2023-09-07 Thread Simon Tournier
Hi Josselin,

On Thu, 7 Sept 2023 at 10:37, Josselin Poiret  wrote:

[...]

Thanks for explaining.

Cheers,
simon



Re: Guix pull speed

2023-09-14 Thread Ludovic Courtès
Hello!

Josselin Poiret  skribis:

> After looking a bit more into guix pull speed, or to be more precise the
> "Computing Guix derivation..." step, which is not substitutable.  I've
> come to the conclusion that the thing that takes the majority of the
> time is loading the files that define the packages that the new Guix
> needs to build itself.  These files are not compiled yet, and worse,
> loading just (gnu packages guile) ends up loading 361 other package
> files.  You can generate a package graph in GraphML with `guix graph -t
> module -b graphml guile`, and use e.g. networkx to analyze it.

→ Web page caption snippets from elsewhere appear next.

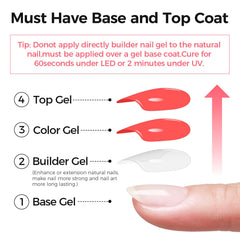 GELLAKTIK gel builder auto-nivelant, surface lisse et facile à réaliser.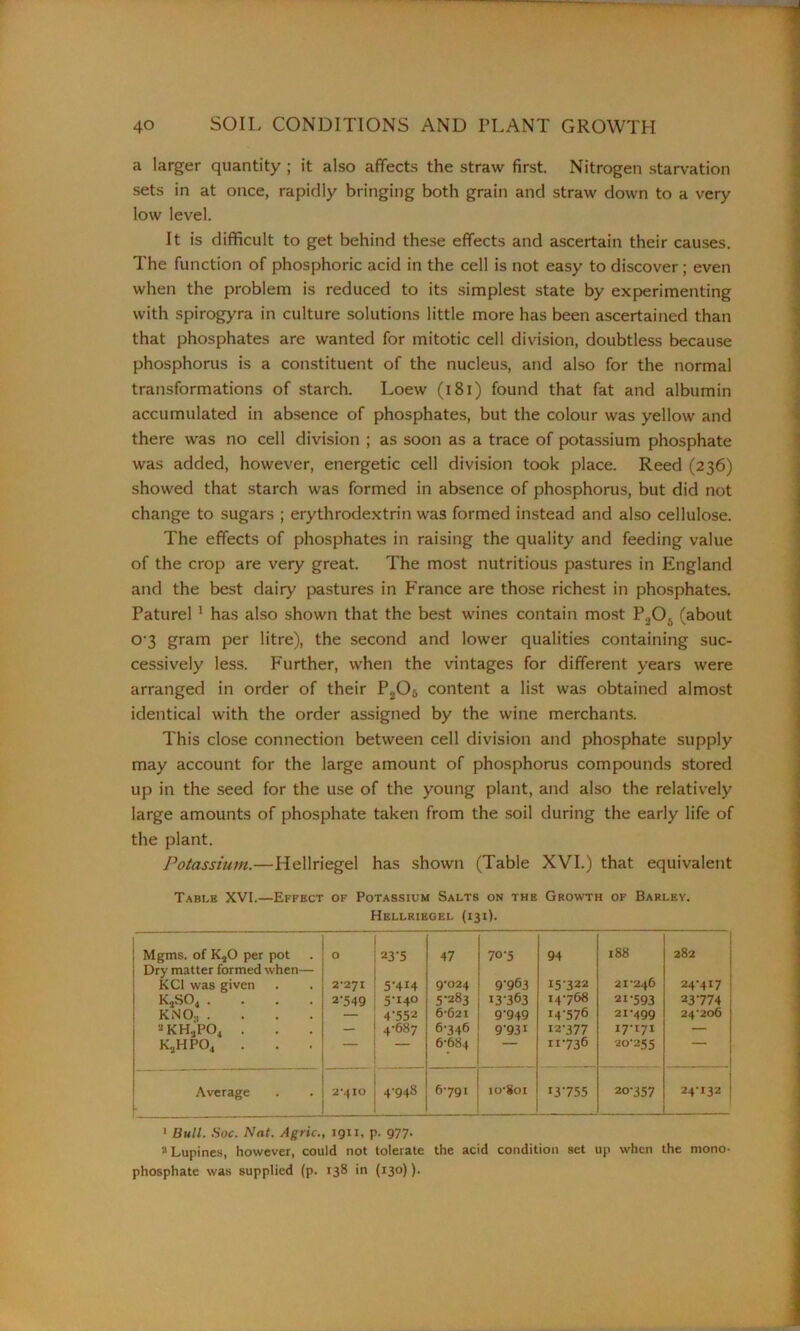 a larger quantity ; it also affects the straw first. Nitrogen starvation sets in at once, rapidly bringing both grain and straw down to a very low level. It is difficult to get behind these effects and ascertain their causes. The function of phosphoric acid in the cell is not easy to discover; even when the problem is reduced to its simplest state by experimenting with spirogyra in culture solutions little more has been ascertained than that phosphates are wanted for mitotic cell division, doubtless because phosphorus is a constituent of the nucleus, and also for the normal transformations of starch. Loew (181) found that fat and albumin accumulated in absence of phosphates, but the colour was yellow and there was no cell division ; as soon as a trace of potassium phosphate was added, however, energetic cell division took place. Reed (236) showed that starch was formed in absence of phosphorus, but did not change to sugars ; erythrodextrin was formed instead and also cellulose. The effects of phosphates in raising the quality and feeding value of the crop are very great. The most nutritious pastures in England and the best dairy pastures in France are those richest in phosphates. Paturel 1 has also shown that the best wines contain most P205 (about 0 3 gram per litre), the second and lower qualities containing suc- cessively less. Further, when the vintages for different years were arranged in order of their P205 content a list was obtained almost identical with the order assigned by the wine merchants. This close connection between cell division and phosphate supply may account for the large amount of phosphorus compounds stored up in the seed for the use of the young plant, and also the relatively large amounts of phosphate taken from the soil during the early life of the plant. Potassium.—Hellriegel has shown (Table XVI.) that equivalent Table XVI.—Effect of Potassium Salts on the Growth of Barley. Hellriegel (131). Mgms. of Ka0 per pot O 23-5 47 70-5 94 188 N 00 N Dry matter formed when— KCI was given 2-27I 5HI4 9-024 9-963 15322 21-246 24-417 KaS04 .... 2‘549 5-140 5-283 13-363 14-768 21-593 23-774 KNO, .... — 4-552 6-621 9-949 14-576 21-499 24-206 KHaP04 . — 4-687 6-346 9-93I 12-377 17-171 — KaHP04 6-684 “ 11736 20-255 ~ Average 2*410 4-948 6791 io-8oi 13-755 20*357 24132 1 Bull. Soc. Nat. Agric., 1911, p. 977. a Lupines, however, could not tolerate the acid condition set up when the mono- phosphate was supplied (p. 138 in (130)).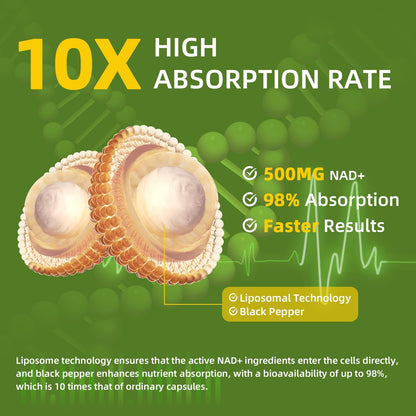 NAD+ Supplement for Women with Resveratrol , 20-in-1 NAD Plus Supplement with Liposomal Nicotinamide Riboside Boost NAD+ Levels for Cell Repair Energy, Antioxidant,Focus - 60 Vegan Capsules GREENPEOPLEBuy Supplements Australia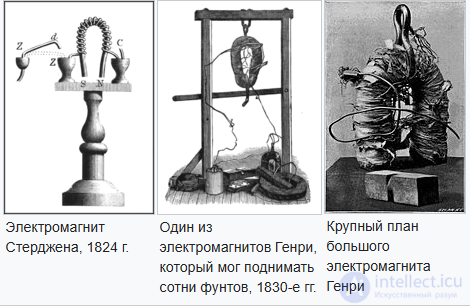 Permanent Magnets: Calculation of Permanent Magnets and Electromagnets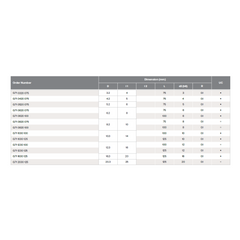 HPMT AL SE REDUCED SHANK ENDMILLS, 2 FLUTES G71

Nice (we should add this trick under “Invoking guix graph” for instance;
we already mention xdot there.)

> You can compare with a compiled check-out of guix by just running the
> following in a `guix repl`:
>
> (use-modules (guix self) (guix monad-repl))
> ,run-in-store (guix-derivation (getcwd) "0.0-git" #:pull-version 1)
>
> which takes at most 5 seconds on my laptop.
>
> One idea I had was to move all the packages that are looked up in (guix
> self) to their own little bubble, to avoid having to load extra stuff.
> However, this is not currently possible because some of them do have
> non-trivial dependency graphs.  I've identified these problematic
> inputs: guile-avahi guile-ssh guile-git guile-gnutls guix-daemon (it
> pulls in all other dependencies itself) po4a graphviz

Yeah, I don’t think the idea of an independent subset of the module
graph is achievable, because sooner or later glibc starts depending on
Python, which starts depending on Rust, which pulls in Qt.  Compiling
with ‘-Wunused-modules’ might allow us to clean up the module graph a
bit though.

> What could be done about this?  Another solution would be to somehow
> build Guix without any of the dependencies and then add them in later,
> similar to what is done with build-aux/build-self.scm to be able to load
> (guix self) in the first place.  That seems quite complex though.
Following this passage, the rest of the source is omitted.